Выше я лишь прикоснулся к своеобразию бахтинского прочтения книги Рабле и бегло очертил общую плодотворность такого ее прочтения. Теперь попробую разобраться со всем этим основательнее. Согласно концепции Бахтина, раблезианская поэтика прежде всего карнавальна. Это вроде бы "вторая жизнь", и она "строится в известной мере как пародия на обычную, то есть внекарнавальную жизнь, как "мир наизнанку" [14]. И всегда - "в той или иной форме, теми или иными средствами - разыгрывает возврат на землю сатурнова золотого века, живую возможность его возврата" [15]. Однако здесь и "смерть включена в жизнь и наряду с рождением определяет ее вечное движение" [16].

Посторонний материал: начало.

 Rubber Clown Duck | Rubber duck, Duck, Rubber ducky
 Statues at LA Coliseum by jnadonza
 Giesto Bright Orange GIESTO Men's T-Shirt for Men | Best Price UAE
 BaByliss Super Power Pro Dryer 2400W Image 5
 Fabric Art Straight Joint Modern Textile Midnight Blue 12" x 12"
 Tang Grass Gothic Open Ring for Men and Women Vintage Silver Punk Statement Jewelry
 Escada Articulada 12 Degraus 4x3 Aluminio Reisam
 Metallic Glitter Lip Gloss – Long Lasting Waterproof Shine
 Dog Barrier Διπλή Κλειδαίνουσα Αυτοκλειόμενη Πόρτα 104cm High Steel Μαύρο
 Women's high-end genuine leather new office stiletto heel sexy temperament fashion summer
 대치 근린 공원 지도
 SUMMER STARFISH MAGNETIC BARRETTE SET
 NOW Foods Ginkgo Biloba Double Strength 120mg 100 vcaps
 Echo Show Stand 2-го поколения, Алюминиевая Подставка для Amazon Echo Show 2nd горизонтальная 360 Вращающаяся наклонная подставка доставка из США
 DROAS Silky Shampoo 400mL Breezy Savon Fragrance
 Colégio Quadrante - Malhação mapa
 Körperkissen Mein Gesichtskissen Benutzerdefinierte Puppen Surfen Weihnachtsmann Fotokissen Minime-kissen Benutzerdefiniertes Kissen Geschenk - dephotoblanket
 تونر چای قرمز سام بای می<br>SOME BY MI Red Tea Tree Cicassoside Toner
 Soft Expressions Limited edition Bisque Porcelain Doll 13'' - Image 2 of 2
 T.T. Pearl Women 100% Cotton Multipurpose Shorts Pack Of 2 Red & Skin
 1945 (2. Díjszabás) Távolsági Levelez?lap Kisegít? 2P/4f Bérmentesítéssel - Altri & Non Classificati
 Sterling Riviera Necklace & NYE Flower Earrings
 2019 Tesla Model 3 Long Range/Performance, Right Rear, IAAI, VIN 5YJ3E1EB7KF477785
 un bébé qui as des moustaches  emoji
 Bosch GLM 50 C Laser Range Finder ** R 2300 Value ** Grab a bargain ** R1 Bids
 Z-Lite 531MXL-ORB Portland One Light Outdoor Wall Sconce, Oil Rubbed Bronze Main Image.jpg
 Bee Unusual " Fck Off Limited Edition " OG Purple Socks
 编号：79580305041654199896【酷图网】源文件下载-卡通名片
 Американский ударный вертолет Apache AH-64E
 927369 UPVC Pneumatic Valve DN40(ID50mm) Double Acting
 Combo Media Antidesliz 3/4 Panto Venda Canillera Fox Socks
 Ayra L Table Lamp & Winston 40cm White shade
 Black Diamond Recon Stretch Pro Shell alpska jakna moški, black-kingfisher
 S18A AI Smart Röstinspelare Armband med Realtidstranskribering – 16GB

Карнавальный смех, утверждает Бахтин, в недрах народной культуры существовал всегда, но в культуру официальную, общепризнанную ему удавалось прорываться лишь по временам и, увы, совсем ненадолго. В этой связи, помимо Рабле, названы еще Боккаччо, Сервантес и Шекспир...
Как видим, бахтинский подход к сочинителю "Гаргантюа и Пантагрюэля" здесь совершенно нов и в высшей степени продуктивен. Но что, по-моему, еще существеннее, так это неизбежно из взгляда такого вырастающее прозрение истинных взаимоотношений между искусством и жизнью. Впро чем, даже Бахтину все-таки не было тогда суждено как-то задачу эту решить (или, может быть, следует выразиться чуть осторожнее: "прояснить").
Тем не менее Бахтин - в отличие от Дживелегова и даже от Пинского (которого, кстати сказать, ставил очень высоко именно как исследователя Рабле) - в изображении Телемской обители и в письме Гаргантюа к Пантагрюэлю отмечал явственный "смеховой обертон" [17]: иными словами, сомневался в том, что помянутые эпизоды задумывались автором как панегирические.
В то же время (и вовсе не исключено, что по соображениям, увы, цензурным) Бахтин не отказывался от веры в постепенное накопление "нового и лучшего" [18], даже многократно повторял эту весьма туманную формулу "прогресса". Однако он ни разу ее не конкретизировал - не только в политико-идеологическом, но и даже в чисто историческом плане. У него все как будто сводилось к "раблезианскому безоговорочному оправданию жизни со включением в нее смерти" [19].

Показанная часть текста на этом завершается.